Our matching store uses the same principle: SRAM_address = ctx_slot : match_entry, with match_entry derived from the token's addressing fields, giving 1:1 correspondence to instruction addresses.

The key differences:

Aspect	EM-4	Our design
Segment binding	Dynamic (at function invocation)	Static (compiler assigns at compile time)
Segment size	Sized per function body	Sized per PE (fixed N slots × M entries)
Presence tracking	Flags in operand segment words	Separate occupied bitmap
Multi-activation	Multiple operand segments per function	Context slots with generation counters
Template fetch	Extra pipeline stage (TNF) to look up which template segment	Not needed (IRAM content is fixed per PE)

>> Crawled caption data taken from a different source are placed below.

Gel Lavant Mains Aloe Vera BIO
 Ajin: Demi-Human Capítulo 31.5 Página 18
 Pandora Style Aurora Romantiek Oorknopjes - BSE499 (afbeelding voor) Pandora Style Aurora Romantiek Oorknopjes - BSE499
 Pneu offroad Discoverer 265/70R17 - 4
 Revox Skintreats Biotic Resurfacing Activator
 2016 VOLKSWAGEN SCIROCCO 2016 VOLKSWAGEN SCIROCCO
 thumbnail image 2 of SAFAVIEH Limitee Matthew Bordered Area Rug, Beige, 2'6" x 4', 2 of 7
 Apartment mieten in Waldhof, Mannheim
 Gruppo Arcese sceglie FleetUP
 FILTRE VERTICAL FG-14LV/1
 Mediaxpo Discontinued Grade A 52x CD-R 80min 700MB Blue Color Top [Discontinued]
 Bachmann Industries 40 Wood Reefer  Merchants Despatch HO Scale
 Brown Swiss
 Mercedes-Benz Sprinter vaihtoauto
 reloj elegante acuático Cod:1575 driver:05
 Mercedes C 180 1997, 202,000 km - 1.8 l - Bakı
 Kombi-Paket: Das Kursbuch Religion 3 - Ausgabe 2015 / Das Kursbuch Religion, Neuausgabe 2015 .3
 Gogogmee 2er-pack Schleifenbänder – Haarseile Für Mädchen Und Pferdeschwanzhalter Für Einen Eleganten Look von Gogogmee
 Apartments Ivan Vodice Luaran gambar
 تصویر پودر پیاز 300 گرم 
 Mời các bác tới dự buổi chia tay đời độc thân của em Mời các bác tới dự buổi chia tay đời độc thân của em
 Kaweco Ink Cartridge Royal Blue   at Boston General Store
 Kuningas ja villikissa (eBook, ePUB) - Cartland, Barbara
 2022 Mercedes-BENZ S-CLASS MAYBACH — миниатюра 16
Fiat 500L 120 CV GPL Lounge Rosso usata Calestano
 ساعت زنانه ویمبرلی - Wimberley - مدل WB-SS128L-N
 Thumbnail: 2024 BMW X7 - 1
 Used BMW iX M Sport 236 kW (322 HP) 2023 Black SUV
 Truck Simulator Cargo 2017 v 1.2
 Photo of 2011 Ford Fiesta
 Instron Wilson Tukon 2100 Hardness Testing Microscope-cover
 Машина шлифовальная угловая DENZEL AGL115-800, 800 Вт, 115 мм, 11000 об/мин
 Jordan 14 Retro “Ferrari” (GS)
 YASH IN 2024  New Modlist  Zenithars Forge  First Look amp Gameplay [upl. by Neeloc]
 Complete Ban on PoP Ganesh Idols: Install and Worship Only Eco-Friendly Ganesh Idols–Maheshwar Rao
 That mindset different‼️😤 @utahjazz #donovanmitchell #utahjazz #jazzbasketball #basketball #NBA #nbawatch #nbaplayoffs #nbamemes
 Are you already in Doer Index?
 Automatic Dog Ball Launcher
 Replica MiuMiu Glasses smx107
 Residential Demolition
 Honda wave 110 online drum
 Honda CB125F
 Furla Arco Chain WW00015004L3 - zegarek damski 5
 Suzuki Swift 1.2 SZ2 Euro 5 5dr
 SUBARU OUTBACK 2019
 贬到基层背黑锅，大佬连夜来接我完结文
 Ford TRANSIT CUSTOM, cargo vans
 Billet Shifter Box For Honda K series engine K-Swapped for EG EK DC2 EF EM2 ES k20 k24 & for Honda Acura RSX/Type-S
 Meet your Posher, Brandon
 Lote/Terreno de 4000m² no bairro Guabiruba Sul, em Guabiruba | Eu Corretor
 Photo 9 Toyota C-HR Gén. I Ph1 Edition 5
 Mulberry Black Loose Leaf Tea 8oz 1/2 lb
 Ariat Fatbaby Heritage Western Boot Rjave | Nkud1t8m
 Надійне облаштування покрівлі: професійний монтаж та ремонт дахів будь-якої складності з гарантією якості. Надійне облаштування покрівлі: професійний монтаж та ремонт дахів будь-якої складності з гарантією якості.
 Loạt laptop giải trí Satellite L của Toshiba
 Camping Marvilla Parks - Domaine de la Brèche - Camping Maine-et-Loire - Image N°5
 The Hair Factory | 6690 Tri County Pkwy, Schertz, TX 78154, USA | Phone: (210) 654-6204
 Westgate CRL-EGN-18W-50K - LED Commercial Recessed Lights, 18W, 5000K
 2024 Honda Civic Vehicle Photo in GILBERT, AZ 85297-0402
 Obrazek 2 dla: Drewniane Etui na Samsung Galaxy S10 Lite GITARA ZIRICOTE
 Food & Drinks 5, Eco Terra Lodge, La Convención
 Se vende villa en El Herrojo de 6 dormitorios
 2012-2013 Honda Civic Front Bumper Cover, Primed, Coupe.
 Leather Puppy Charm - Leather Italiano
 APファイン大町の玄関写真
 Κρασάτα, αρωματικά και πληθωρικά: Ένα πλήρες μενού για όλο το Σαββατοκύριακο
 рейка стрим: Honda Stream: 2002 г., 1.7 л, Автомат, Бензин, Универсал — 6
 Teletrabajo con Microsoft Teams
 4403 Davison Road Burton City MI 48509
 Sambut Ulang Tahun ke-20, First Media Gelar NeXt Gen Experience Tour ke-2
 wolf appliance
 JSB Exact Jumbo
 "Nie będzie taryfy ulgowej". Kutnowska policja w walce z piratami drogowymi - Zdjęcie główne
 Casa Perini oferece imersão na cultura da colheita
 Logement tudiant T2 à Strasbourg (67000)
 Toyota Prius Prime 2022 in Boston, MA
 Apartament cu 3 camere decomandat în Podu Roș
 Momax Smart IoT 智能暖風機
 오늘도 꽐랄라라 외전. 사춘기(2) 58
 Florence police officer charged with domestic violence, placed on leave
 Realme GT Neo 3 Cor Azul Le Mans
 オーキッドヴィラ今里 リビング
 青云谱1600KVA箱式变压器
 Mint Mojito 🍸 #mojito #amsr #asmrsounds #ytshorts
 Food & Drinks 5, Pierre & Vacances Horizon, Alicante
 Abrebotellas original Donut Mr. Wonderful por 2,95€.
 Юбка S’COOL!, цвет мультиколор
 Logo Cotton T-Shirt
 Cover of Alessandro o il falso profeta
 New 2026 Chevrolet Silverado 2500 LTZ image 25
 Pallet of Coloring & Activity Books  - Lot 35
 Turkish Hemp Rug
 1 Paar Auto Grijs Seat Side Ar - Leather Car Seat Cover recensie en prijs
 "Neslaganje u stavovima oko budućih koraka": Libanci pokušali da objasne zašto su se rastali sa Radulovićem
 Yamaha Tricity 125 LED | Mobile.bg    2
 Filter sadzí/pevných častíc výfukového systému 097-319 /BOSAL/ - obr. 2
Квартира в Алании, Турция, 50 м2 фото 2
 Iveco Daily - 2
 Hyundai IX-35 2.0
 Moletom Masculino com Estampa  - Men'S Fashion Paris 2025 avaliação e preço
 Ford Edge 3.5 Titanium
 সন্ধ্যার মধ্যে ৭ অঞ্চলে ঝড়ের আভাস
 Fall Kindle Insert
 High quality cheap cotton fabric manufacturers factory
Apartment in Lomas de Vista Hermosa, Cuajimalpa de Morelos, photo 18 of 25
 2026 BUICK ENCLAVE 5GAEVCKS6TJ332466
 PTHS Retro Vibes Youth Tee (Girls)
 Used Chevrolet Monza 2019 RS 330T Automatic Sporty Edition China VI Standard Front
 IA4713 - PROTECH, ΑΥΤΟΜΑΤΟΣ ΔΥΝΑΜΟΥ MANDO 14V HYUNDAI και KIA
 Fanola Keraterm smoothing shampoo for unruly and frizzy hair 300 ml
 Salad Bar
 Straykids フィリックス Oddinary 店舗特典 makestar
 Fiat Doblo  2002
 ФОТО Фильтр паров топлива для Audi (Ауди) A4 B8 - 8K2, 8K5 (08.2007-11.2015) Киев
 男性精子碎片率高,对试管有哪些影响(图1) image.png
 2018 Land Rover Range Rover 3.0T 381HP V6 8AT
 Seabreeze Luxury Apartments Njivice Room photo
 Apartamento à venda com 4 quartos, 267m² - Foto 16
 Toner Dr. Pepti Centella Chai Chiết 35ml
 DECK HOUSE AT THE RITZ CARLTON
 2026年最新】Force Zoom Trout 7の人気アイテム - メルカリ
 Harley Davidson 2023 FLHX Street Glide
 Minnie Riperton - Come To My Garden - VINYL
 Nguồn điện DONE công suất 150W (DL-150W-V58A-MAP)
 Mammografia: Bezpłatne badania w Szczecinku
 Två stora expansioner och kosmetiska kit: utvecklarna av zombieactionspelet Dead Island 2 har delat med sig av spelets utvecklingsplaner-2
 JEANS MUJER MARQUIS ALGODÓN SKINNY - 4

5. EMC-R Chip Architecture#

Block Diagram (5 functional units + maintenance)#

              ┌──────────────┐
Network In ──►│ Switching    │──► Network Out (port A)
Network In ──►│ Unit (SU)    │──► Network Out (port B)
              └──────┬───────┘
                     │ to local PE
              ┌──────▼───────┐
              │ Input Buffer │
              │ Unit (IBU)   │
              └──────┬───────┘
              ┌──────▼───────┐     ┌──────────┐
              │ Fetch and    │◄───►│ Off-chip  │
              │ Matching     │     │ Memory    │
              │ Unit (FMU)   │◄──┐ │ (≤5 MB)  │
              └──────┬───────┘   │ └──────────┘
              ┌──────▼───────┐   │       ▲
              │ Execution    │   │       │
              │ Unit (EXU)   │───┘  ┌────┴────┐
              └──────┬───────┘     │ Memory  │
                     │             │ Control │
                     ▼             │ Unit    │
              Packet output       └─────────┘
              (back to SU)

Gate Counts and Pin Usage#

Unit	Gates	Pins	Notes
Switching Unit (SU)	10,112 (1989) / 9,179 (1991)	176	3×3 packet switch, three-bank buffers, PRC
Input Buffer Unit (IBU)	9,238 (1989) / 9,295 (1991)	-	32-word FIFO (dual-port RAM on chip)
Fetch and Matching Unit (FMU)	3,504 (1989) / 3,610 (1991)	-	Direct matching, sequencing, pipeline control
Execution Unit (EXU)	19,692 (1989) / 20,620 (1991)	-	ALU, multiplier, barrel shifter, register file, packet gen
Memory Control Unit (MCU)	1,518 / 1,664	67	Address/data mux, arbitration
Maintenance Circuits	1,589 / 1,420	12	Init, error handling, dynamic monitor
Total	45,653 / 45,788	255	1.5μm CMOS gate array, 299-pin package

Notable: the FMU (matching + sequencing) is only ~3.5K gates — the direct matching scheme keeps it small. The SU (network switch) is ~10K gates because of the three-bank deadlock prevention buffers. The EXU dominates at ~20K gates due to the multiplier, barrel shifter, and 16- register file.

Chip Implementation#

1.5 μm CMOS gate array
Inverter gate delay: 0.7 ns
Clock: 80 ns (12.5 MHz)
Peak performance: 12.5 MIPS per PE
Package: 299-pin ceramic (43 power/ground, 255 signal, 1 unused)
Fabricated from October 1989; no major bugs found in testing

6. Pipeline Organisation#

Four stages, some with sub-stages. Two pipeline modes that integrate:

Packet-Based Circular Pipeline (thin path)#

The standard dataflow pipeline for tokens arriving from the network:

Stage 1: TNF    Template segment # fetch from off-chip memory
                (bypassed for non-normal packets)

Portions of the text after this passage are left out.